We have: $\begin{aligned} f_a(x,y)&=5x^2+20xy+20y^2+3(x+2y)+7+(a-5)(x^2+4y^2)\\ &=5(x+2y)^2+3(x+2y)+7+(a-5)(x^2+4y^2)\\ &=5\left(x+2y+\dfrac{3}{10}\right)^2+\dfrac{131}{20}+(a-5)(x^2+4y^2) \end{aligned}$

If $a<5$ , we can choose $y=k; x=-2k-\dfrac{3}{10}$ and $k\to+\infty$ .

This implies $f_a(x,y)=(a-5)\left(\left(2k+\dfrac{3}{10}\right)^2+4k^2\right)\to +\infty$ when $k\to+\infty$

If $a=5$ , we get $f_a(x,y)=5\left(x+2y+\dfrac{3}{10}\right)^2+\dfrac{131}{20}\ge\dfrac{131}{20}$

The equality holds when $x+2y+\dfrac{3}{10}=0$ .

So $\boxed{a=5}$ is the smallest value satisfied.

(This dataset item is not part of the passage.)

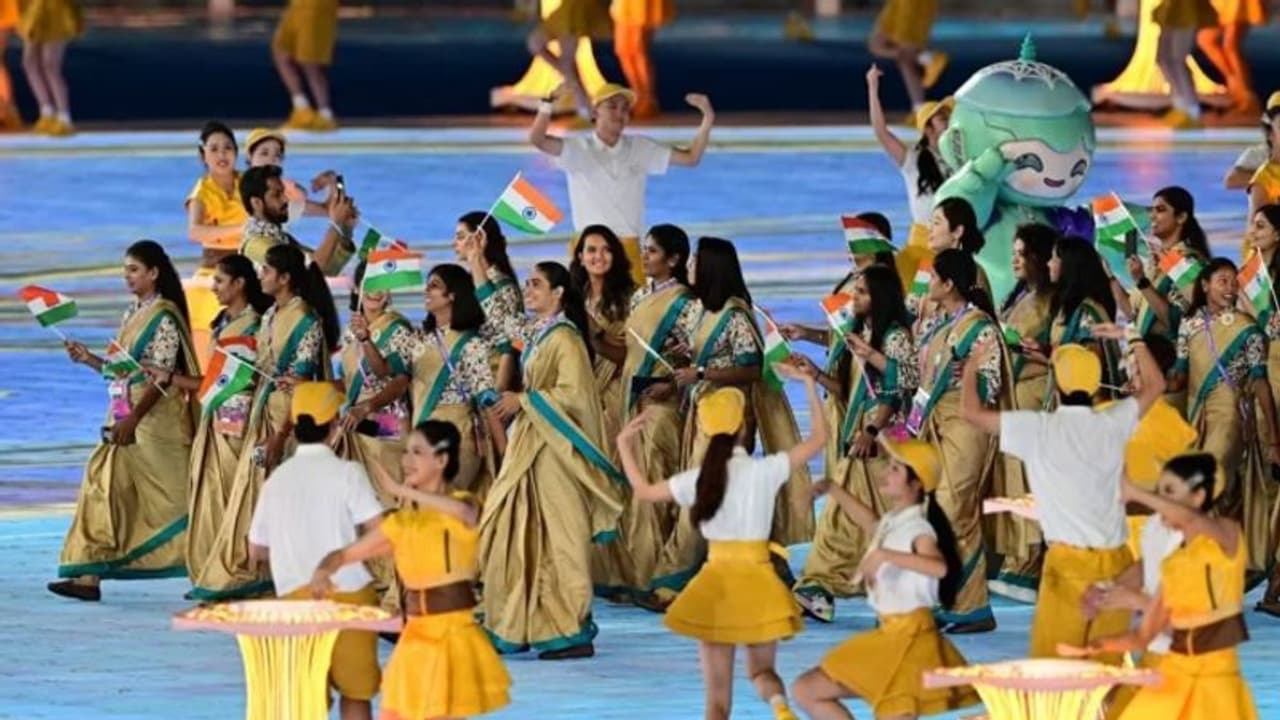 Asian Games:பிரம்மாண்ட கலை நிகழ்ச்சியுடன் தொடங்கிய ஆசிய விளையாட்டு போட்டி; புடவையில் வந்த இந்திய வீராங்கனைகள்! Asian Games:பிரம்மாண்ட கலை நிகழ்ச்சியுடன் தொடங்கிய ஆசிய விளையாட்டு போட்டி; புடவையில் வந்த இந்திய வீராங்கனைகள்!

We first prove that $a> 0$ : Suppose otherwise, that is suppose there exists a minimum value when $a\leq 0$ , then setting $y=0$ shows that $f_a(x,0) = ax^2 + 3x+7$ is either a straight line or a parabola that concave downwards. Either way, neither them has a minimum value. Thus, $a> 0$ must be true.

We can rewrite the matrix of the quadratic part of $f_a(x,y)$ as

$A_a = \begin{bmatrix}{a} && {10} \\ {10} && {4a}\end{bmatrix}$

By Cayley-Hamilton theorem , the eigenvalues of $A_a$ satisfy the equation $| \lambda I_2 - A | = 0$ , or equivalently,

$0 = \begin{vmatrix}{\lambda - a} && {-10} \\ {-10} && {\lambda - 4a}\end{vmatrix} \quad \Leftrightarrow \quad 0= (\lambda - a)(\lambda - 4a)-100 \quad \Leftrightarrow \quad 0 = \lambda^2 + \lambda(-5a) + (4a^2-100) \; .$

Applying the quadratic formula , we can solve for $\lambda$ to get $\lambda = \dfrac{5a\pm \sqrt{9a^2+400}}2$ .

The necessary requirement for the function $f_a(x,y)$ to have a minimum value, is to have all its eigenvalues to be strictly non-negative.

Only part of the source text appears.